The reply needs the lines from the one containing "Cadre de lit" through the end of the material, each repeated exactly, and no pictures.

[Task material Boundary: Start]

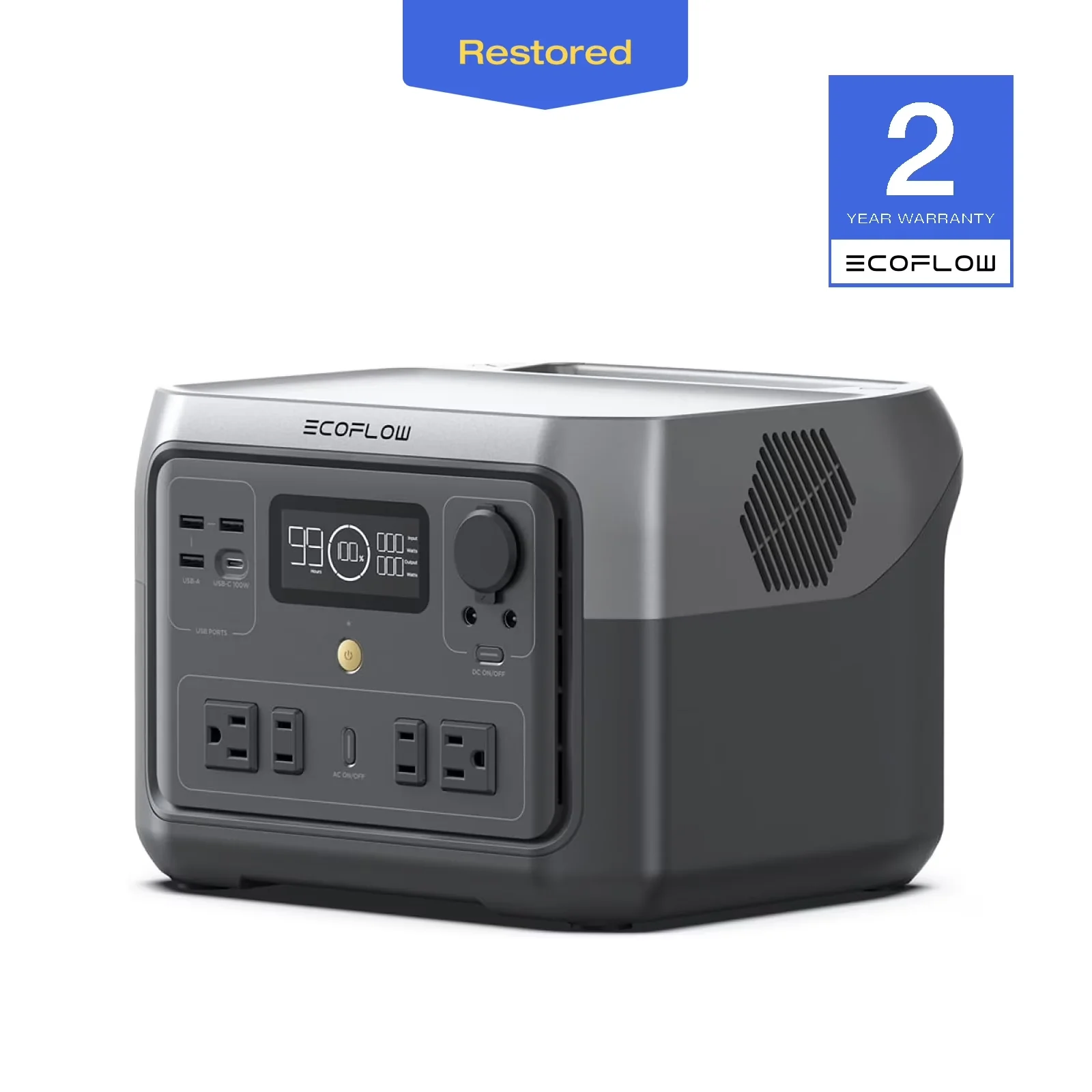 Versatile Generator with 1000W, Usb Port, 500Wh LFP Battery - Black for Outdoor, Home Model 37784F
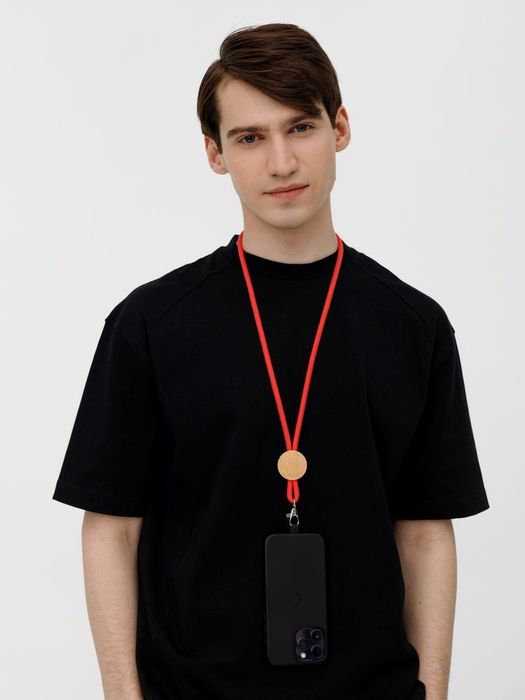 Шнурок для бейджа Tube Wood, красный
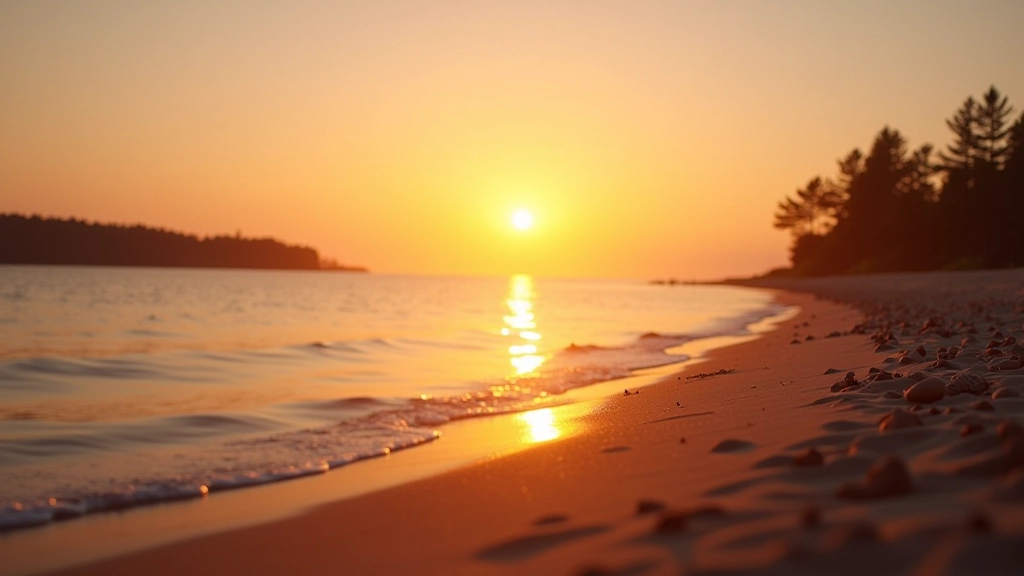 Serene Baltic beach at sunset
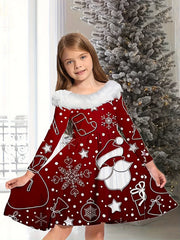 Girls Santa Long Sleeve Dress Christmas Gift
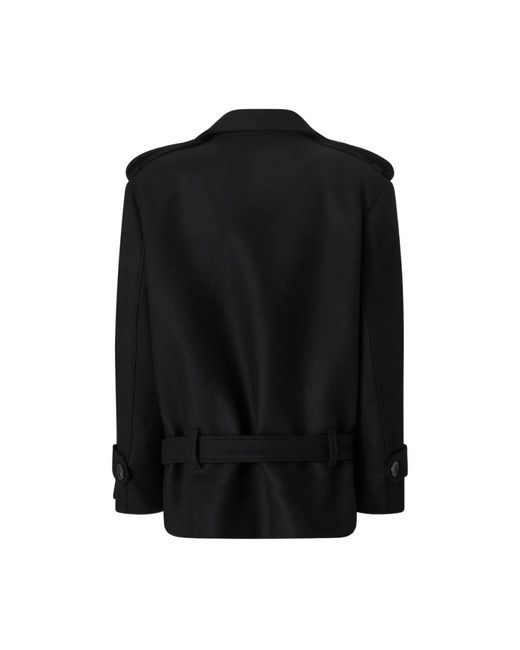 Pinko Black Double-Breasted Coats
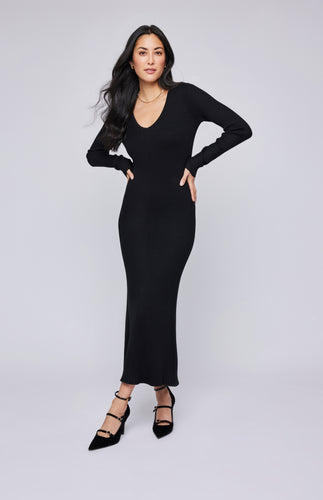 Gentle Fawn Blakely knit black midi length dress.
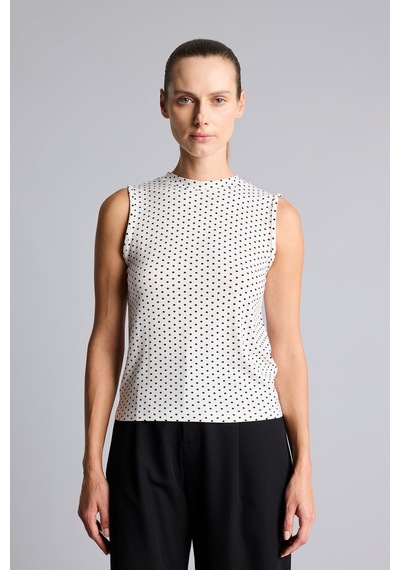 Defacto Puantiyeli Bisiklet Yaka Slim Fit Atlet I7291ax26hsbk81 Siyah-bk81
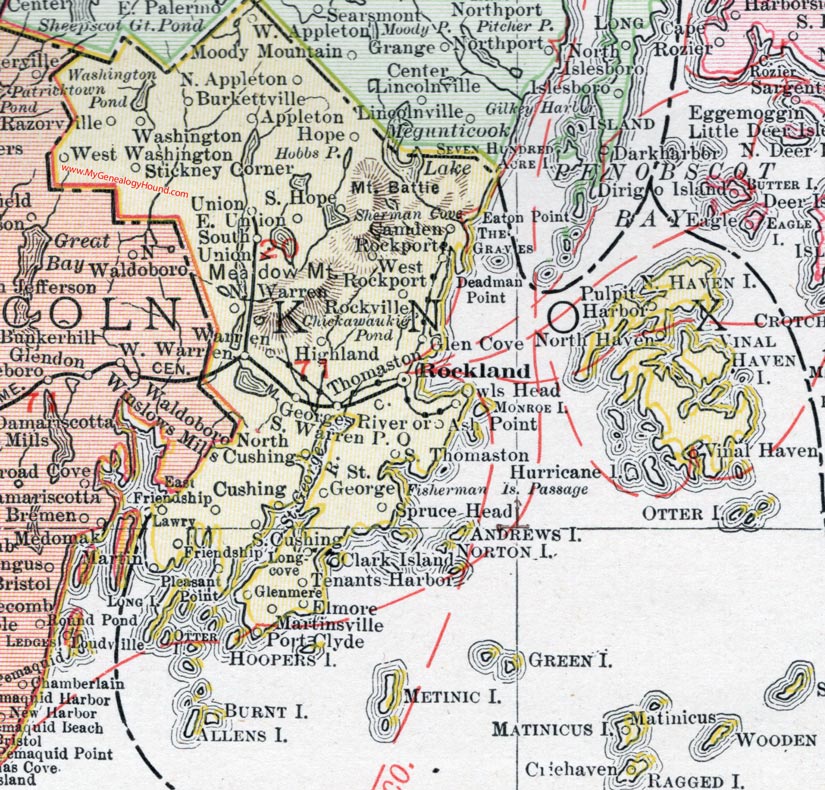 Knox County, Maine, 1912, map, Rockland, Camden, Warren, Rockport, Thomaston, St. George, Union, Owls Head, South Thomaston, Hope, Cushing, Washington, Appleton, Vinalhaven, Friendship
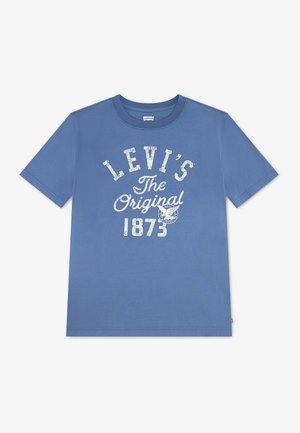 T-shirt bleu à manches courtes avec texte blanc indiquant « "Levi's The Original 1873" » et un petit graphique au centre devant.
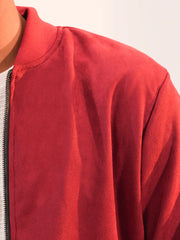 Dual-Mode Reversible Suede Velvet Bomber Jacket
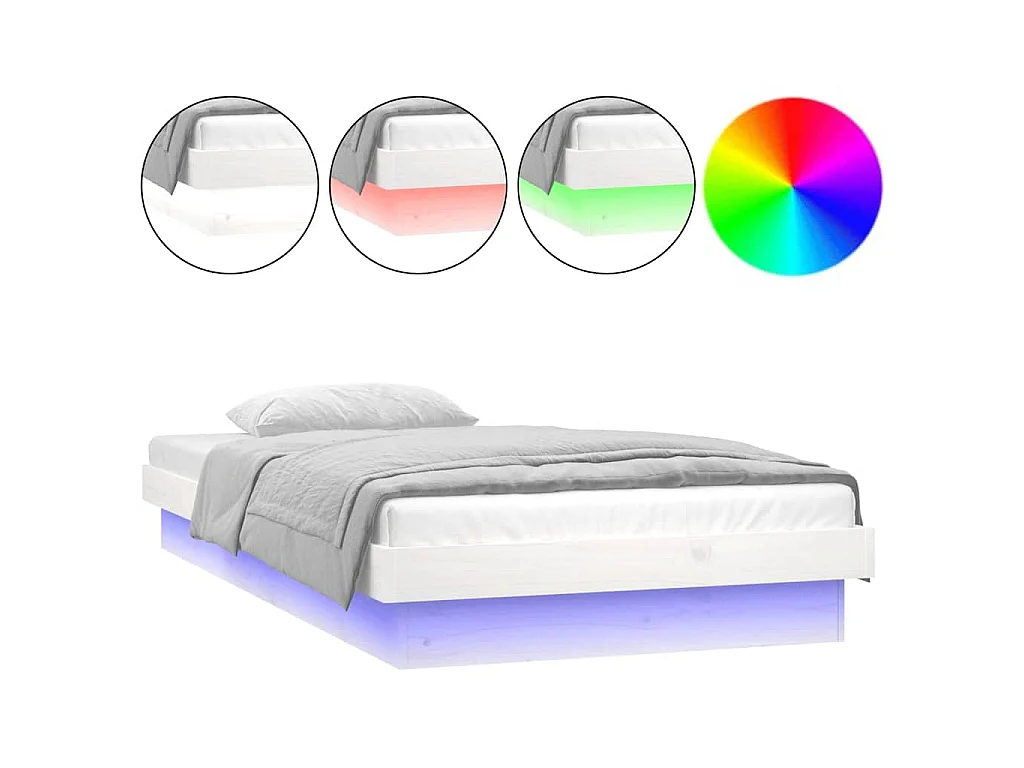 Cadre de lit à LED sans matelas blanc bois massif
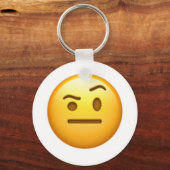 Porte-clés Face With One Eyebrow Raised - Emoji (Recto)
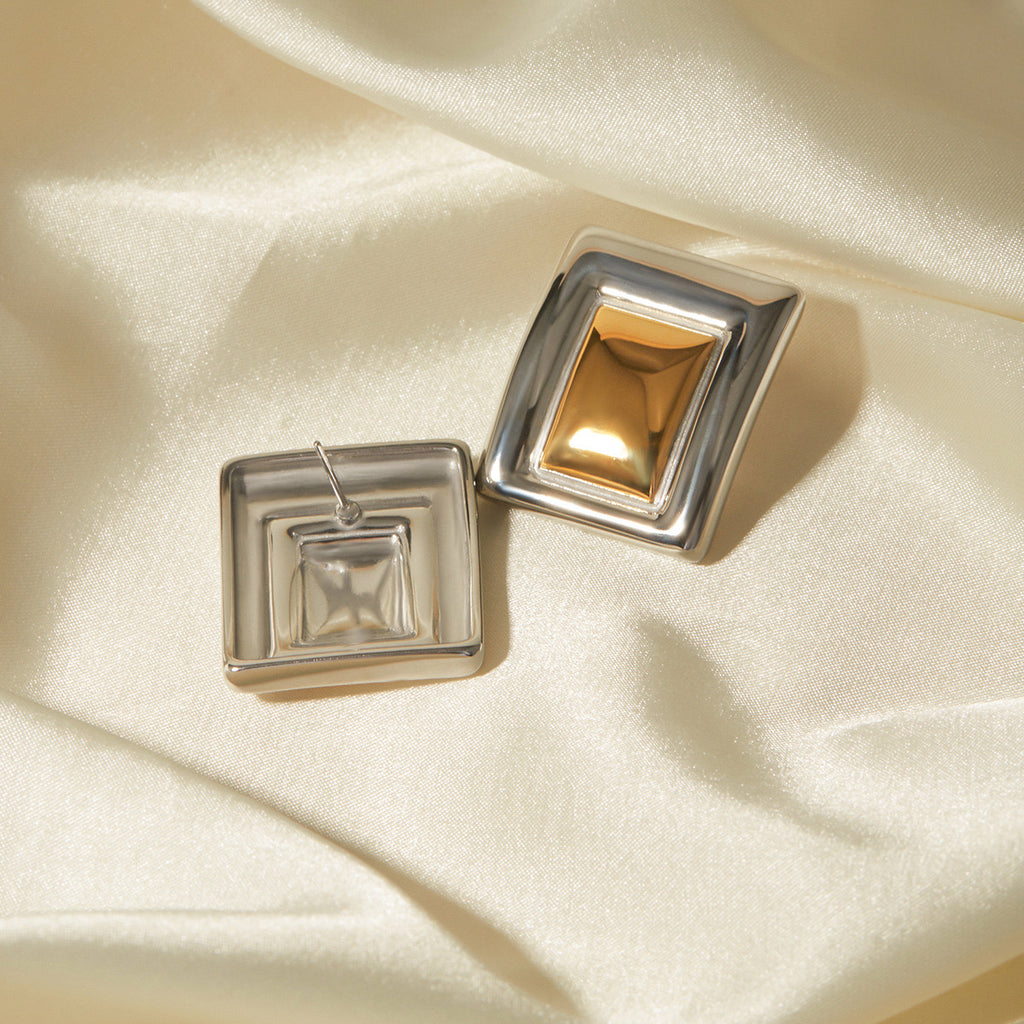 18K Gold Two Tone Plate Statement Stud Earrings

[Task material Boundary: End]

- **Written solution**
 Cadre de lit à LED sans matelas blanc bois massif
 Porte-clés Face With One Eyebrow Raised - Emoji (Recto)
 18K Gold Two Tone Plate Statement Stud Earrings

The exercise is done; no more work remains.